Doch die stand voll dreckigem Geschirr. Bevor das Feuer meine Hand erreichte, ließ ich einfach los. Michael und ich traten wie blöd auf dem Heft herum. Es stank bestialisch, als das PVC zu schmelzen anfing.

„Scheiße.“

„Mach das Fenster auf!“

Ein paar Sekunden später war alles vorbei. Was von dem Heft übrigblieb, war ein Häufchen Asche, ein paar Fetzen verkohltes Papier und ein Brandloch.

 

Das ganze ist jetzt sechs Wochen her.

Gestern hat mich Frau Brathals an den Briefkästen abgefangen. Sie hielt ein blaues Schulheft in der Hand.

„Das ist das neue Flurheft.“

Ich verzog keine Miene.

„Es gibt hier eine Hausordnung, die hängt für alle gut sichtbar an der Kellertür.“

Mit diesen Worten stieß sie mir das Heft vor die Brust.

„Diese Woche wird geputzt. Und zwar von Ihnen, damit das klar ist.“

„Nun geben sie schon her.“

Ich entriss ihr das Heft (natürlich ein Leitz), nahm die Post an mich und stiefelte nach oben. Anstatt den Schlüssel zu benutzen, klingelte ich.
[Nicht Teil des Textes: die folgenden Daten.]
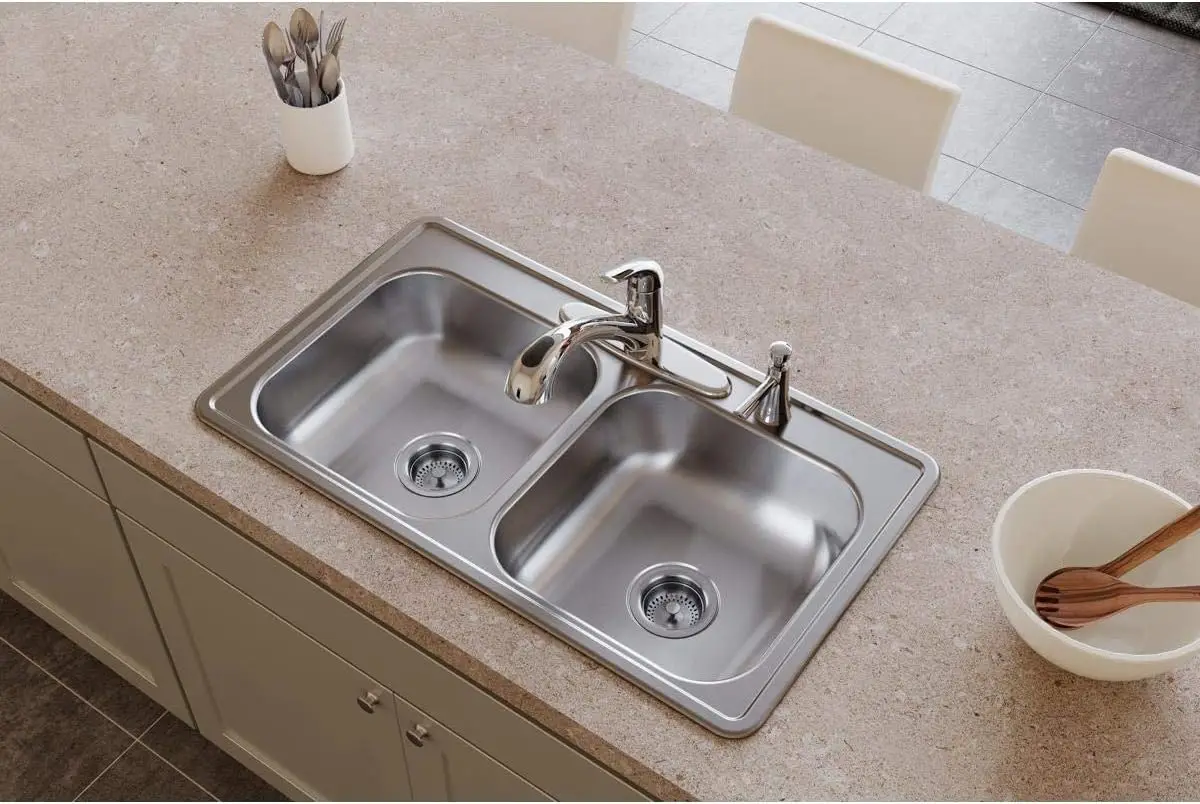 D233193 Dayton Equal Double Bowl Drop-in Stainless Steel Sink, 33 x 19 x 6.5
Michael öffnete.

„Mal wieder Schlüssel vergessen, oder was?“

„Ich hab dir was mitgebracht.“

„Was ist das denn?“

„Das neue Flurheft. Da bist du doch so scharf drauf.“

„Sehr witzig.“

„Wenn du schon deinen Neujahrsvorsatz nicht umsetzt, dann putz wenigstens.“

Es vergingen einige Sekunden, in denen nichts passierte. Um sicherzugehen, dass die Welt nicht stehengeblieben war, stubste ich Michael leicht in seine enorme Plautze, die seit Jahresbeginn kein Gramm leichter geworden war. Ich bin mir sicher, das Pling gehört zu haben, als ihm die Sicherung rausflog. Er sog geräuschvoll Luft ein. Doch bevor er etwas entgegnen konnte, war ich schon am ihm vorbei und in meinem Zimmer verschwunden.

Tja, so ist das mit den guten Vorsätzen. Irgendwann stehen sie wieder vor der Tür und klopfen. Und dann ist das Geschrei groß.

Ihr Christoph Junghölter

 

P.S.: Das Blogteam entschuldigt sich hiermit in aller Form für den hoffnungslos veralteten Beitrag, der aufgrund nicht eingehaltener Abgabefristen leider erst Anfang März (!) erscheinen kann. (Demnächst führen wir hier eine Blogwoche ein.)